La última vez que vi a mi madre, le conté todas las locuras que habían iluminado este verano. Lo triste, claro, es que ha sido tanta la luz la de estos días estivales, que su sombra va a pesar mucho este invierno. El caso, como decía, es que se las conté y ella simplemente sonrió y me dijo: prométeme que pase lo que pase, nunca perderás esa forma tan loca que tienes de hacer las cosas.
Vuelvo a Madrid pensando en ello. Pienso en mi adicción absurda a los errores y al desastre, con mi pelo alborotado y mis marcas en la piel recordándome de dónde vengo. Me da por recordar aquella primera vez en la que le pregunté a mi padre cuándo se empieza a encajar con lo que te rodea. Estábamos en una plaza de Zaragoza, un día que me había venido a buscar al colegio. No olvidaré su respuesta: nunca, si tienes suerte.
Veo las rayas de la carretera sucederse, como si fueran las migas de Pulgarcito esparcidas para los nómadas y vuelve a mi cabeza otro recuerdo. Estaba con mi madre en Sevilla en un concierto. Ella miraba al cantante con atención con su copa de vino. Y, de repente, me miró a mí, como si realmente fuera yo el espectáculo. Me acuerdo que lo único que pensé fue: como me mira mi madre es como quiero que me miren toda mi vida.
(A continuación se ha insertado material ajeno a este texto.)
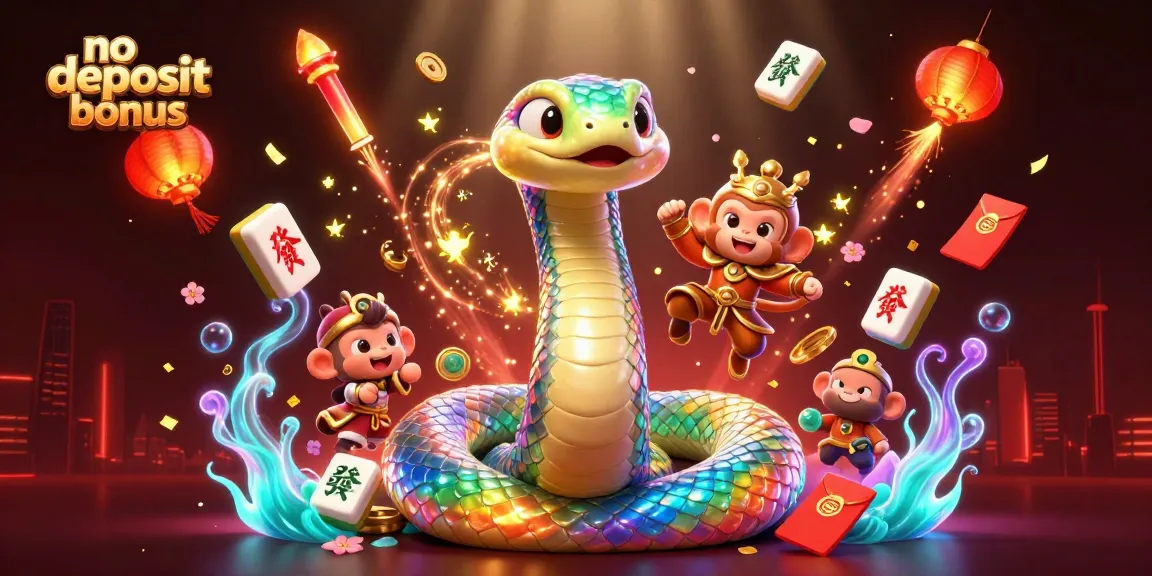 No deposit bonus illustration featuring a vibrant scene with a rainbow serpent and monkey king, surrounded by festive elements.
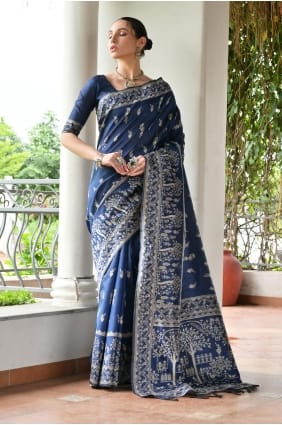 Navy Blue Weaving Bangalore Silk Saree SR29891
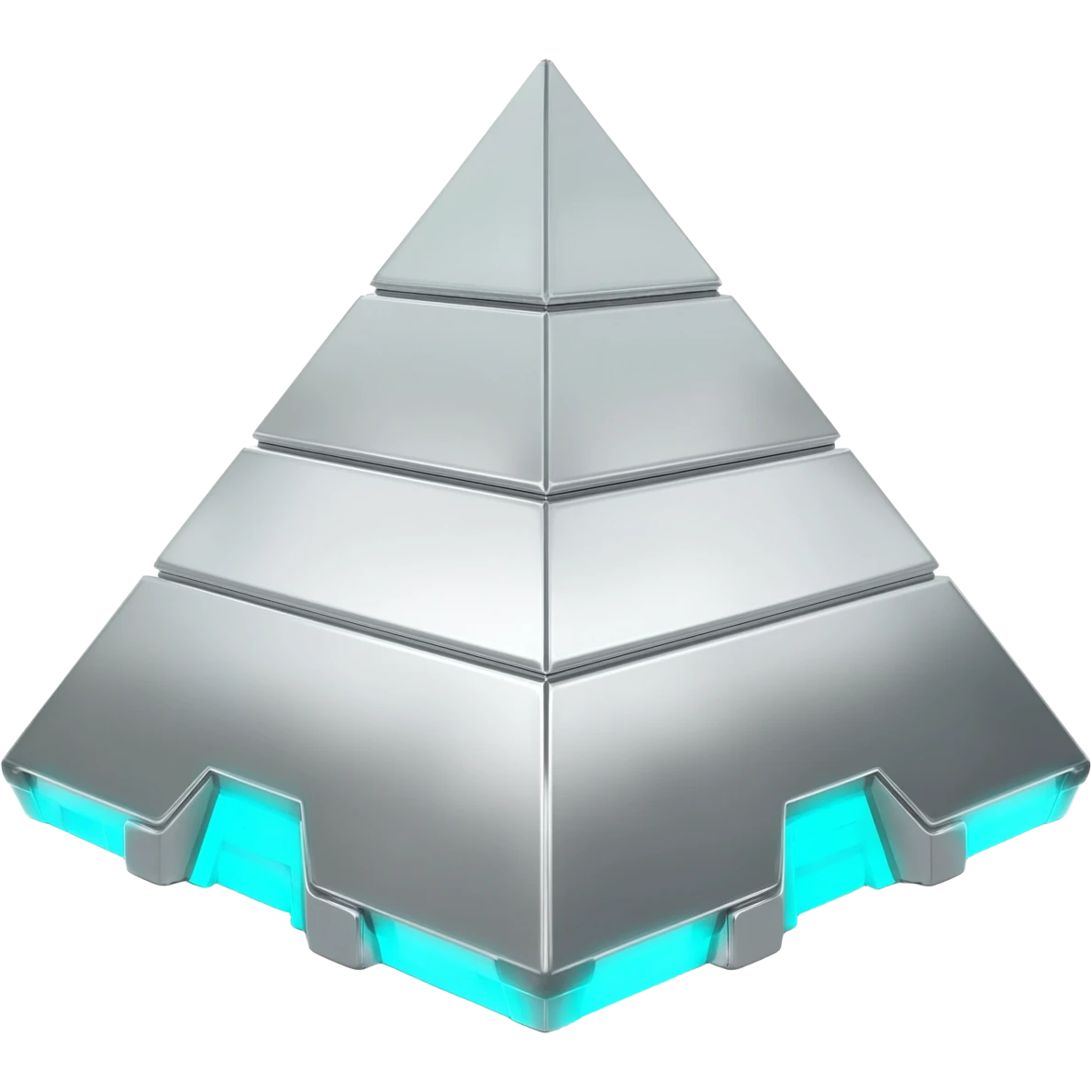 White metallic and cyan-glowing, futuristic pyramid  emoji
El conductor frena suavemente, ha empezado a llover. La echo de menos, pienso. Y me leo a mí misma en mi propio reflejo de la ventana del coche. Me pierdo entre los miles de planes que se dibujan cuando sólo quieres huir y llego a la conclusión de que me paso la vida agotada porque intento de una manera absurda correr en dirección contraria al dolor y eso no deja de ser una ataraxia absurda para quien vive anclada a las emociones. Debería de dejar de hacerme preguntas. ¿Me pregunto o respondo?
Estamos llegando a Madrid y llueve con fuerza, como si el invierno nos dejará caer una nota en la que nos recuerda que vuelve de nuevo. Suena un piano de fondo, y es Xoel acompañándome en este cambio de estación que parece cada vez más evidente. Atrás empiezan a quedar los rayos del sol que ayer nos quemaban la piel, las noches de verano en el Dosde, los gritos de guerra y ese “Malasaña hoy es nuestra”. Anoche lo pensaba mientras la nostalgia llegaba antes de hora. Las maletas empiezan a taconear y a advertir que ha llegado el momento de volver a tomar la carretera.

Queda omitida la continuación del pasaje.